Subject: Re: Updating /etc...
To: Ted Lemon <mellon@fugue.com>
From: Michael Graff <explorer@flame.org>
List: current-users
Date: 12/19/1995 14:08:36
>It's practically impossible to approach a strange machine and figure
>out what it does on startup. The scripts in /etc/init.d, because
>they are independent, have to do quite a bit more than would be done
>in /etc/rc.local. So each script winds up being about the size of
>/etc/netstart on NetBSD.
On the SGI I have here on my desk:
-rwxr--r-- 1 root sys 627 Oct 22 19:00 acct
-rwxr-xr-x 1 root sys 500 Oct 22 18:57 announce
-rwxr-xr-x 1 root sys 2712 Oct 22 19:00 audit
-rwxr-xr-x 1 root sys 197 Oct 22 18:57 auto_ipaddress
-rwxr-xr-x 1 root sys 2989 Oct 22 18:57 autoconfig
-rwxr-xr-x 1 root sys 302 Oct 22 19:08 bsdlpr
-rwxr--r-- 1 root sys 667 Oct 22 20:03 cachefs
-rwxr-xr-x 1 root sys 2541 Oct 22 19:09 cadmin
They seem reasonable sized. For the added flexability of adding and
removing packages, I could deal with them being larger.

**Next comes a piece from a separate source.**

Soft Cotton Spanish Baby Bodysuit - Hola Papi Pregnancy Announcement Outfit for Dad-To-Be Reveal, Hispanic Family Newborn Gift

>Then, you can't edit the whole startup process at once - you have to
>grep around for the daemon you're trying to control, then edit the
>file that controls it, and usually figure out the entire functioning
>of that file and then touch yet another file somewhere else to make
>the change you want. The learning curve is obscene.
I would argue that using
pkgadd foo
is simplier than
tar zxvf package.tar.Z
vi /etc/rc.local
and day. If the user needs to edit the startup file, it is NO HARDER
than editing /etc/rc.local, and if they muck it up, they loose one
package, not the whole system.
--Michael
--
Michael Graff <explorer@flame.org> NetBSD is the way to go!
PGP key on a key-server near you! Rayshade the world!